- Available Technologies
Keywords: Electronic Parts/Manufacturing
This topology agnostic fault detection and location technology is the first such technology that is system-independent, uses only local measurements, and is closed form (non-iterative). Combining these attributes allows this technology to operate quickly to meet the needs of the growing DC microgrid market. This speed advantage bridges a major challenge for DC microgrids by protecting components from speed critical fault events. This technology can also inform the protection needs of high voltage DC lines, which are part of most power systems. Clemson University researchers have developed a fault detection system possessing superior speed and simpler implementation enabling faster protection for component devices as well as determining the location of faults in real time.
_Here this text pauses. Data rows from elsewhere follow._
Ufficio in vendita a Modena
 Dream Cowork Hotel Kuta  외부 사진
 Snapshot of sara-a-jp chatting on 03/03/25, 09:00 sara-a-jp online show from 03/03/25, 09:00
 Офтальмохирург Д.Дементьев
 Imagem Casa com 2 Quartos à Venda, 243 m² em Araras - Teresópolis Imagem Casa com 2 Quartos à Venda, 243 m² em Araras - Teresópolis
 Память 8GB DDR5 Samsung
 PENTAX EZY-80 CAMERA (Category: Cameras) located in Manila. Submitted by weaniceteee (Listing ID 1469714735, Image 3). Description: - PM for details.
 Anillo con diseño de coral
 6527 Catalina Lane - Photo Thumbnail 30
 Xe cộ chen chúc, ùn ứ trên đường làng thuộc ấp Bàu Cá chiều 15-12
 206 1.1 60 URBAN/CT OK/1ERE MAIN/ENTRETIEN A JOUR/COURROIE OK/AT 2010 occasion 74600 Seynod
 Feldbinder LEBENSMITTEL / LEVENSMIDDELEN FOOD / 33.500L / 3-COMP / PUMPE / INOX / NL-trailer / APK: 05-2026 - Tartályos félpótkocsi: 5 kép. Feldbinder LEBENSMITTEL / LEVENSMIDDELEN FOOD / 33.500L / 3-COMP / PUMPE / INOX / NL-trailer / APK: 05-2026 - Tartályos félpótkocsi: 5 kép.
Circuit breakers, Converters, Faults, DC microgrid, High voltage, Electrical Engineering
The topology agnostic fault detection and location technique meets speed critical application needs to address current rises that can occur on the order of tens of microseconds in a dc circuit as a result of a fault. When a fault occurs on a feeder-section in a dc microgrid, the current contributions from the dc link capacitors associated with dc-dc converters or ac-dc rectifiers dominate the fault current first. Capacitors resist the rapid change of voltage. So, for a short period of time the capacitor will act like a constant voltage dc source while discharging through the fault. Within this time the current through the dc line will have the same response as it would have for an ideal voltage source instead of the capacitor. So, measurements from this initial period are used to determine the fault location. The method uses only local measurements, preventing delay due to communication. Furthermore, the technique has a fixed execution time due to being non-iterative. System independence allows for a simpler to implement system because the calculation of protection thresholds is based only on the feeder being protected and not on the topology of the whole system. When the rest of the system changes, when an adjacent line is out of operation for example, the thresholds do not have to be recalculated. These features of the technology are conducive to simple and efficient operation to protect vulnerable devices from quickly rising currents during fault events.